Espaço do Diário do Minho

Acordo UE-UK. O fator Churchill
26 Fev 2020
Carlos Vilas Boas

Com a saída do Reino Unido (RU) da União Europeia (UE), segue-se a partir de março a negociação do acordo que vinculará as relações comerciais entre o Reino e a União.

O acordo de saída negociado entre Londres e Bruxelas entrou em vigor no dia 1 de fevereiro de 2020 e prevê um período de transição durante o qual prevalecerão as regras do Mercado Único Europeu e da União Aduaneira, permitindo às empresas e investidores adaptar planos de contingência para o futuro relacionamento económico, que terminará a 31 de dezembro de 2020, a menos que o Comité Misto criado ao abrigo do acordo de saída opte pela sua prorrogação por um período máximo de um ou dois anos, decisão essa a tomar até ao dia 1 de julho de 2020.

As posições do RU são encabeçadas pelo seu primeiro-ministro, Boris Johnson, um inglês nascido nos Estados Unidos (EUA), em Nova Iorque, defensor do Brexit, daí o interesse em conhecer a sua visão quanto ao posicionamento do Reino Unido na Europa e no Mundo.

No seu livro “O fator Churchill”, uma biografia do grande Estadista britânico, Boris aborda o pensamento Churchilliano sobre qual deve ser o estatuto do RU no contexto europeu, designadamente no capítulo “Churchill, o europeu” e o relacionamento político-económico com os EUA. Abordarei aqui apenas o primeiro daqueles aspetos.

Previamente, dir-se-á que perpassa por todo o livro a imensa admiração de Boris por Winston Churchill, que assertivamente qualifica como o maior estadista inglês do século XX. Mais do que isso, percebe-se que Boris gostava de ser o outro Dupont (figuras das aventuras de Tintim) de Churchill, a sua alma gémea, um igual. Falta-lhe, evidentemente, a grandeza, a capacidade política e intelectual do original.

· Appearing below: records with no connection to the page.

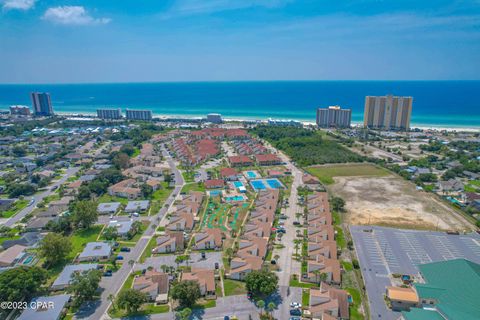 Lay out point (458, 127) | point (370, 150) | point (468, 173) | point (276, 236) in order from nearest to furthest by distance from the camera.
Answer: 1. point (276, 236)
2. point (468, 173)
3. point (370, 150)
4. point (458, 127)

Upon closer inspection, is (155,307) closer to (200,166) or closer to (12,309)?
(12,309)

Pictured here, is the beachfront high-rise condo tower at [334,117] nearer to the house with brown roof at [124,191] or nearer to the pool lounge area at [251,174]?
the pool lounge area at [251,174]

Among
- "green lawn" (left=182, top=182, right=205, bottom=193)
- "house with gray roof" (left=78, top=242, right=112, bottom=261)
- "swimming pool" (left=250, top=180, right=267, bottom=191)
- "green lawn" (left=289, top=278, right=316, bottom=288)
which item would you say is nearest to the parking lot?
"green lawn" (left=289, top=278, right=316, bottom=288)

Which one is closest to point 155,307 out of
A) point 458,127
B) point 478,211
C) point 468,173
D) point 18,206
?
point 18,206

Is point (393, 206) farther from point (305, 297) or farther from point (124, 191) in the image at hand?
point (124, 191)

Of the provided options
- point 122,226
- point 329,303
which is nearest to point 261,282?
point 329,303

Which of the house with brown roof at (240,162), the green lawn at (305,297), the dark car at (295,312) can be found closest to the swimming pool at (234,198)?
the house with brown roof at (240,162) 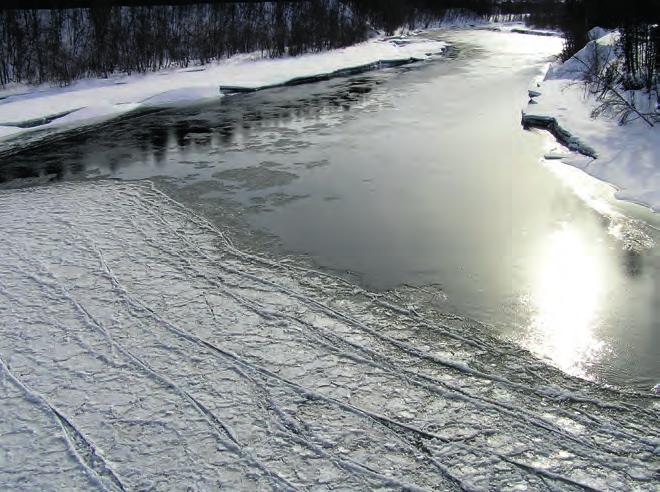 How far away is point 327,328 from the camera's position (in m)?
4.43

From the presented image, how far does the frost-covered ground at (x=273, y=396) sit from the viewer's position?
307 centimetres

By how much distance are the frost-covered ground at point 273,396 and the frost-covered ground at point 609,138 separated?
414cm

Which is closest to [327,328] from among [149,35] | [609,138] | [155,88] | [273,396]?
[273,396]

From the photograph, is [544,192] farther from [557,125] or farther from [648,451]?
[648,451]

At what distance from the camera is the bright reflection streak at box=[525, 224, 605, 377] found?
4.09 metres

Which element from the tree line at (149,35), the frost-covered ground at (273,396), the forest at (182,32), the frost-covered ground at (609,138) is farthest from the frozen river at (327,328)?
the tree line at (149,35)

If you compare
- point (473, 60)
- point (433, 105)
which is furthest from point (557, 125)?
point (473, 60)

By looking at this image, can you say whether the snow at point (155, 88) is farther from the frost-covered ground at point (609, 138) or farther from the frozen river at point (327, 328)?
the frost-covered ground at point (609, 138)

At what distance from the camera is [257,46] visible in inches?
918

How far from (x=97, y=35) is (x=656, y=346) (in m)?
20.2

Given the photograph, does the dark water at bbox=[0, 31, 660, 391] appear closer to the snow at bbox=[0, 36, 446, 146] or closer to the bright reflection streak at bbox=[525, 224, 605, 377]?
the bright reflection streak at bbox=[525, 224, 605, 377]

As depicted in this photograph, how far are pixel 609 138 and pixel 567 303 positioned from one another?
5684 millimetres

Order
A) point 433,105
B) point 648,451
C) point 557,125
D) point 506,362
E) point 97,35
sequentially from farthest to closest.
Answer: point 97,35 < point 433,105 < point 557,125 < point 506,362 < point 648,451

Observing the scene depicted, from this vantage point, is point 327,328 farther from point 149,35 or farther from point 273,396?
point 149,35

Boris reconhece que Churchill é pró-europeu e até um dos primeiros a falar sobre os Estados Unidos da Europa, um visionário da União Europeia já na década de 1930 e quem primeiro valorizou a ideia de uma região sem fronteiras e taxas aduaneiras, com um mercado único que favoreceria o crescimento económico, crítico feroz da decisão do partido trabalhista no poder, em 1950, de recusa de conversações sobre o plano Schuman, embrião do que é hoje a União Europeia. Nesse ano discursava na Escócia: – “Durante séculos, a França e a Grã-Bretanha e mais recentemente a Alemanha, flagelaram o mundo com as suas contendas. Mas bastar-lhes-á estarem unidas para constituírem a força dominante no Velho Mundo e formarem um núcleo de uma Europa unida”.

Como poderia Boris, defensor acérrimo do Brexit, sobreviver à posição europeísta do seu mentor? Simples para ele, tratou de subverter a opinião de Winston, de modo a caber no seu próprio programa político. Para ele, Winston queria uma Europa unida, sim, em que o RU teria um papel importante, mas de patrocinador, de testemunha, não de contratante, madrinha mas não nubente.

Acobertado numa recriação do pensamento de Churchill difícil de detetar nos seus discursos e escritos, Boris sente-se legitimado na saída da UE. Na verdade, o que Boris revive, irrealisticamente, é o RU como grande potência mundial, ombreando com o seu país de nascimento, ambos ditando as cartas no pano geopolítico e económico mundial.

Não admira, pois, que no seu discurso do passado dia 3 de fevereiro, respondendo ao negociador europeu para o Brexit, Michel Barnier, e à afirmação de Bruxelas que para ter uma relação económica que inclua capitais, bens e serviços sem quotas nem taxas aduaneiras, o Reino Unido precisa de estar alinhado com as leis europeias ambientais, laborais, fiscais e sobre ajudas estatais, Boris veio dizer que o Reino Unido desenvolverá políticas separadas e independentes em áreas como a imigração, política de concorrência e subsídios, meio ambiente e política social. O negociador principal do Reino Unido, David Frost, apelou a um acordo minimalista, a uma “relação-tipo Acordo de Comércio Livre com o Canadá”.

Há nuvens no horizonte sendo que, na ausência de acordo, as relações económicas da UE com o RU serão regidas pelas regras aplicáveis a qualquer outro país terceiro.

O risco de um Brexit sem acordo permanece.

Destaque

Percebe-se que Boris gostava de ser o outro Dupont (figuras das aventuras de Tintim) de Churchill, a sua alma gémea, um igual. Falta-lhe, evidentemente, a grandeza, a capacidade política e intelectual do original.